**Problem to solve:**
Please retype the data below in full.

***

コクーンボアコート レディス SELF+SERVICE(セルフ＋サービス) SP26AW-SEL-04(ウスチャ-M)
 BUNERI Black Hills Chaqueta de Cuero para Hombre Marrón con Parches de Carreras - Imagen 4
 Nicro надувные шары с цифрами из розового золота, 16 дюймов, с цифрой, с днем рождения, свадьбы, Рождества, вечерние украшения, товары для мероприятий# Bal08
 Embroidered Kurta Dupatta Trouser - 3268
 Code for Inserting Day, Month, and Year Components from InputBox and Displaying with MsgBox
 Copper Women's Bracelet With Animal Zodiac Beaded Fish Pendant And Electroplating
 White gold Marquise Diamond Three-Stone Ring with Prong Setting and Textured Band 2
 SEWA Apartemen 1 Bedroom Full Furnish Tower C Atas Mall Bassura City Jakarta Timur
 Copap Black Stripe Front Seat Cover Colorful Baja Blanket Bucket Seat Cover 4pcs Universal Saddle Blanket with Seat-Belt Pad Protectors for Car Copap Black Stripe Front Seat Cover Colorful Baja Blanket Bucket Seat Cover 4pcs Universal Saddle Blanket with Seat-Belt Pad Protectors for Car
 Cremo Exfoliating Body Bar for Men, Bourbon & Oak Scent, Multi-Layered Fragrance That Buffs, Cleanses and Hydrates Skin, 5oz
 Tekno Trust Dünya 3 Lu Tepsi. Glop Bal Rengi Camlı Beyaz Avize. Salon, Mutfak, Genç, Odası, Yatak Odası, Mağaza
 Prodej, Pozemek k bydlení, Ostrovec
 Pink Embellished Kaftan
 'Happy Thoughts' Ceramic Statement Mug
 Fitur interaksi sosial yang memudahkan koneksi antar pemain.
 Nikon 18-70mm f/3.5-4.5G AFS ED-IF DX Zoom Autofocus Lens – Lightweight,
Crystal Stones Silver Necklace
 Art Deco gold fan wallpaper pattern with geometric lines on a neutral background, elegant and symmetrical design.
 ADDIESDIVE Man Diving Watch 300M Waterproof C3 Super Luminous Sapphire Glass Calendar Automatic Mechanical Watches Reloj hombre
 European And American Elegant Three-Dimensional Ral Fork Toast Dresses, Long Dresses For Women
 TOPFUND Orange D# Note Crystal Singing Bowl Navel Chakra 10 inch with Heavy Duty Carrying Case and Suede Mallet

***

**Exercise solution:**
コクーンボアコート レディス SELF+SERVICE(セルフ＋サービス) SP26AW-SEL-04(ウスチャ-M)
 BUNERI Black Hills Chaqueta de Cuero para Hombre Marrón con Parches de Carreras - Imagen 4
 Nicro надувные шары с цифрами из розового золота, 16 дюймов, с цифрой, с днем рождения, свадьбы, Рождества, вечерние украшения, товары для мероприятий# Bal08
 Embroidered Kurta Dupatta Trouser - 3268
 Code for Inserting Day, Month, and Year Components from InputBox and Displaying with MsgBox
 Copper Women's Bracelet With Animal Zodiac Beaded Fish Pendant And Electroplating
 White gold Marquise Diamond Three-Stone Ring with Prong Setting and Textured Band 2
 SEWA Apartemen 1 Bedroom Full Furnish Tower C Atas Mall Bassura City Jakarta Timur
 Copap Black Stripe Front Seat Cover Colorful Baja Blanket Bucket Seat Cover 4pcs Universal Saddle Blanket with Seat-Belt Pad Protectors for Car Copap Black Stripe Front Seat Cover Colorful Baja Blanket Bucket Seat Cover 4pcs Universal Saddle Blanket with Seat-Belt Pad Protectors for Car
 Cremo Exfoliating Body Bar for Men, Bourbon & Oak Scent, Multi-Layered Fragrance That Buffs, Cleanses and Hydrates Skin, 5oz
 Tekno Trust Dünya 3 Lu Tepsi. Glop Bal Rengi Camlı Beyaz Avize. Salon, Mutfak, Genç, Odası, Yatak Odası, Mağaza
 Prodej, Pozemek k bydlení, Ostrovec
 Pink Embellished Kaftan
 'Happy Thoughts' Ceramic Statement Mug
 Fitur interaksi sosial yang memudahkan koneksi antar pemain.
 Nikon 18-70mm f/3.5-4.5G AFS ED-IF DX Zoom Autofocus Lens – Lightweight,
Crystal Stones Silver Necklace
 Art Deco gold fan wallpaper pattern with geometric lines on a neutral background, elegant and symmetrical design.
 ADDIESDIVE Man Diving Watch 300M Waterproof C3 Super Luminous Sapphire Glass Calendar Automatic Mechanical Watches Reloj hombre
 European And American Elegant Three-Dimensional Ral Fork Toast Dresses, Long Dresses For Women
 TOPFUND Orange D# Note Crystal Singing Bowl Navel Chakra 10 inch with Heavy Duty Carrying Case and Suede Mallet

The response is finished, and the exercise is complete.